Data to process section start
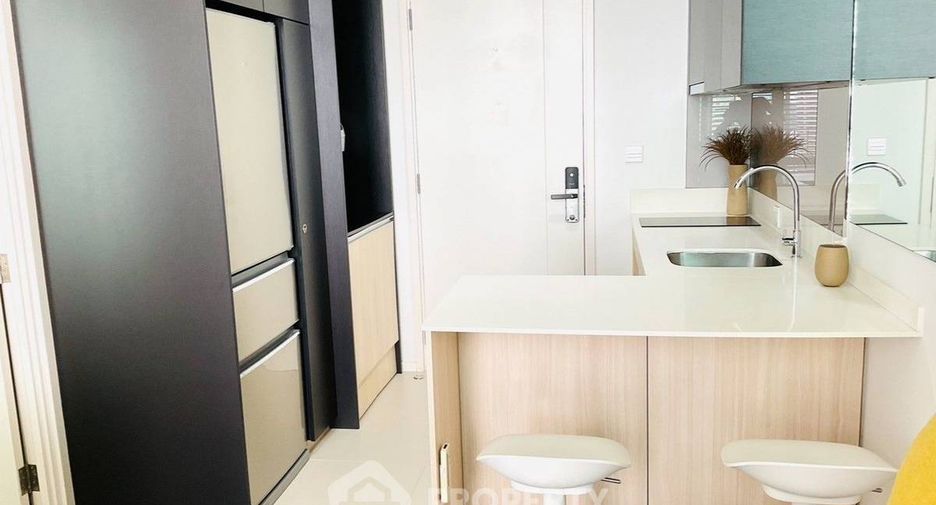 For sale 1 bed condo in Khlong Toei, Bangkok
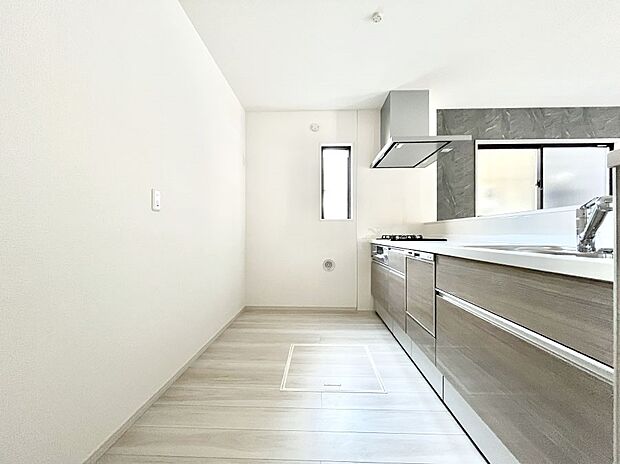 〜Kitchen〜　自然光が入る窓のあるキッチン☆毎日使う場所だからこそ、使い勝手を考慮しました。ゆったりとしたキッチンコーナーは質感豊かな仕上がりとなっております。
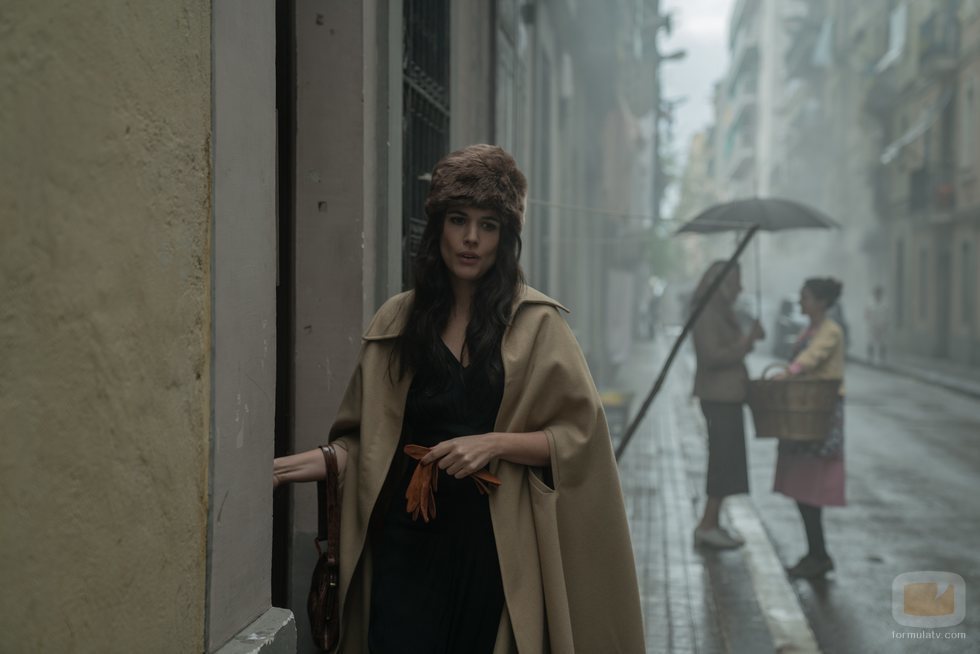 Adriana Ugarte es la protagonista de 'Hache'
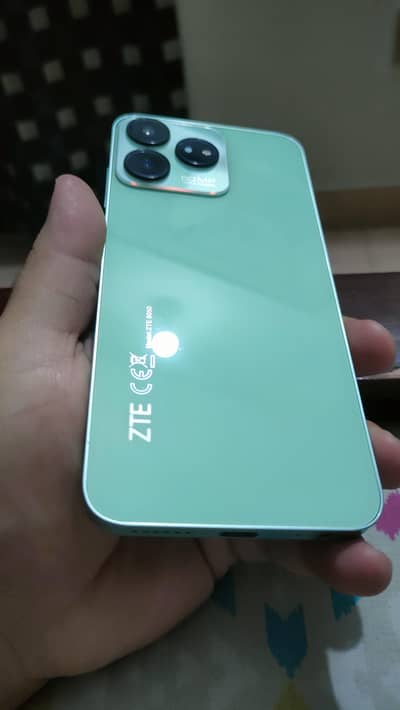 Zte V50 256gb/ 8gb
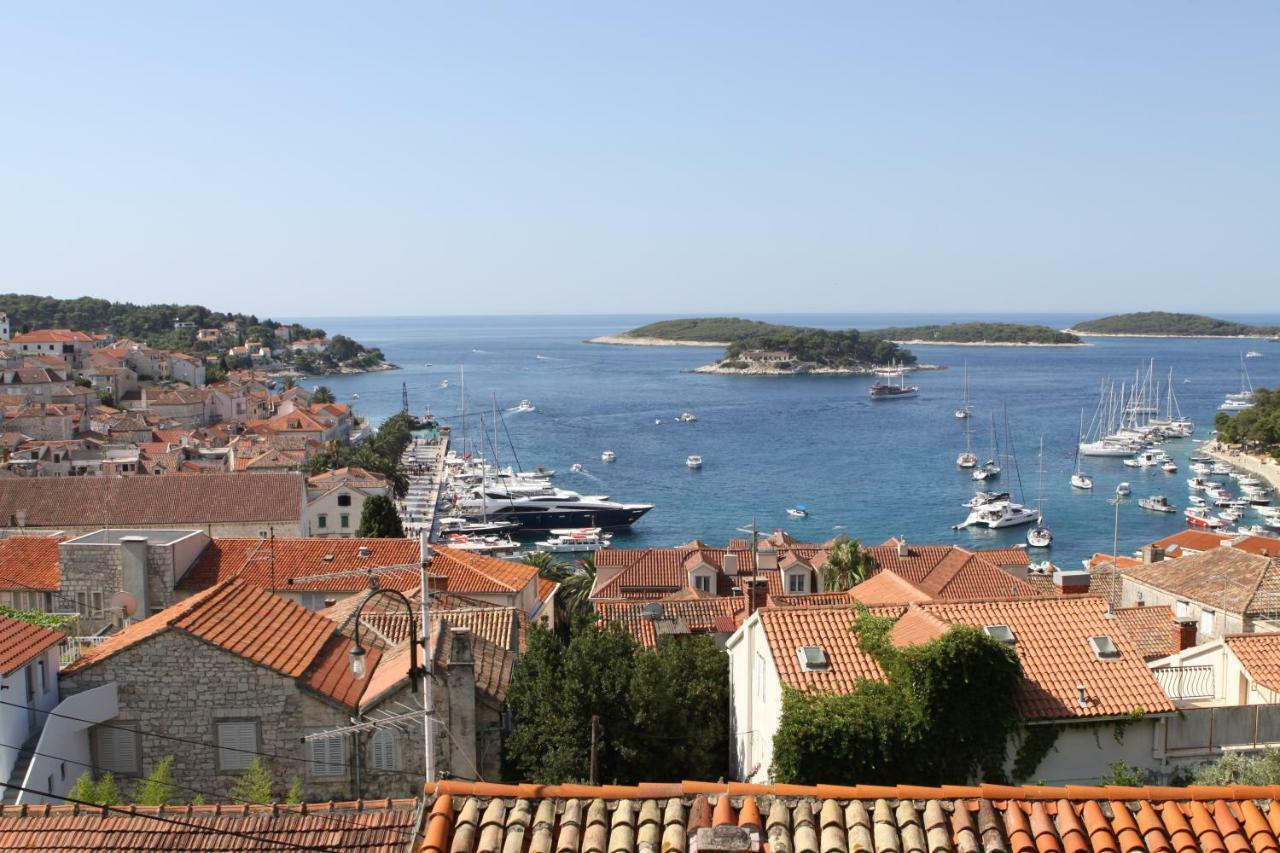 Apartments Sunset Hvar Town Bagian luar foto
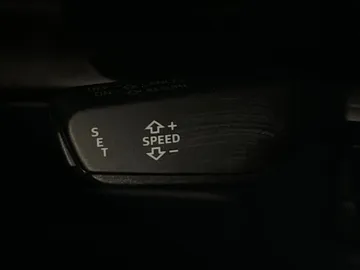 2022 Audi Q7 - image 28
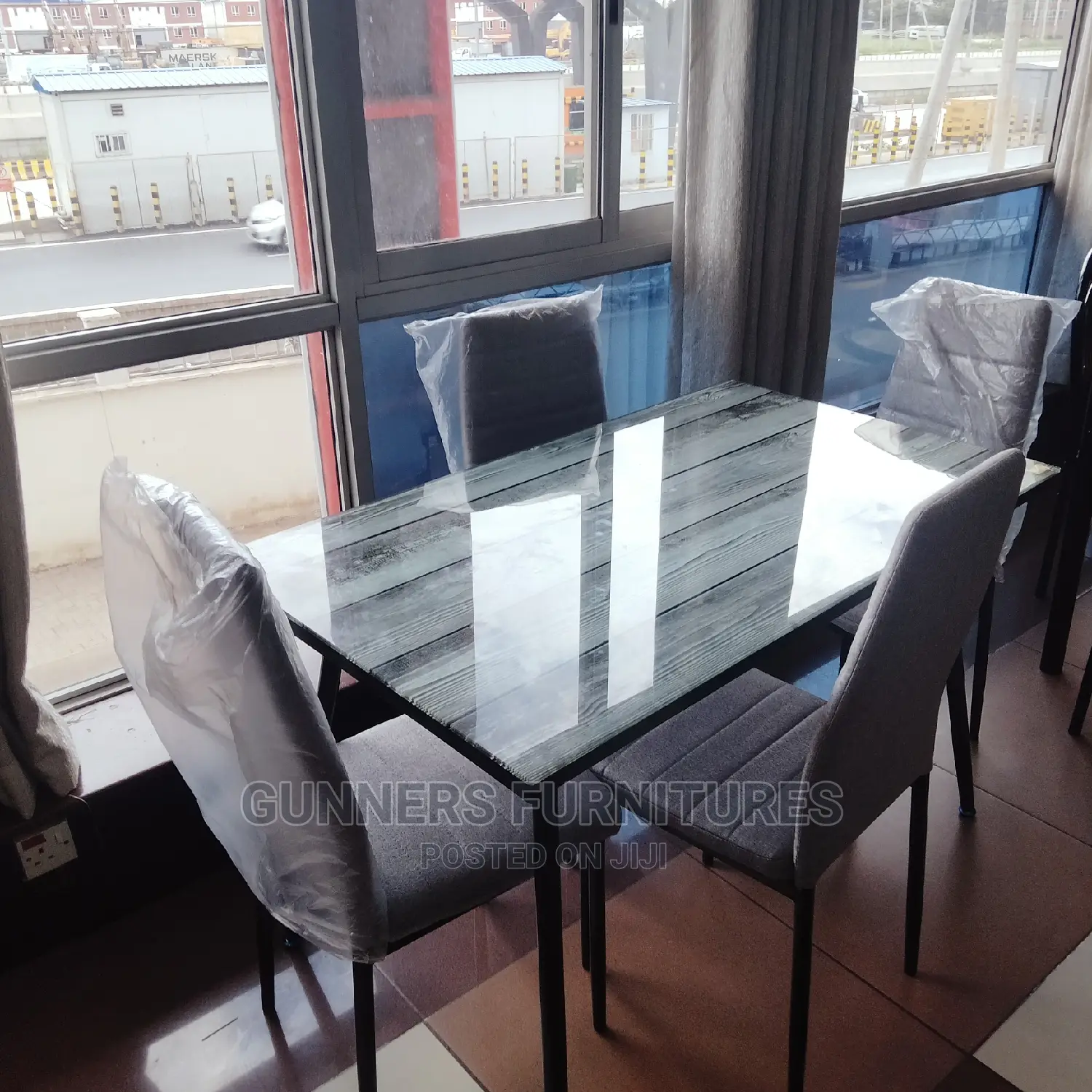 Dining Table Dining Table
Data to process section end
■ Problem statement:
Set the records down again precisely, skipping every image.

■ Reply:
 For sale 1 bed condo in Khlong Toei, Bangkok
 〜Kitchen〜　自然光が入る窓のあるキッチン☆毎日使う場所だからこそ、使い勝手を考慮しました。ゆったりとしたキッチンコーナーは質感豊かな仕上がりとなっております。
 Adriana Ugarte es la protagonista de 'Hache'
 Zte V50 256gb/ 8gb
 Apartments Sunset Hvar Town Bagian luar foto
 2022 Audi Q7 - image 28
 Dining Table Dining Table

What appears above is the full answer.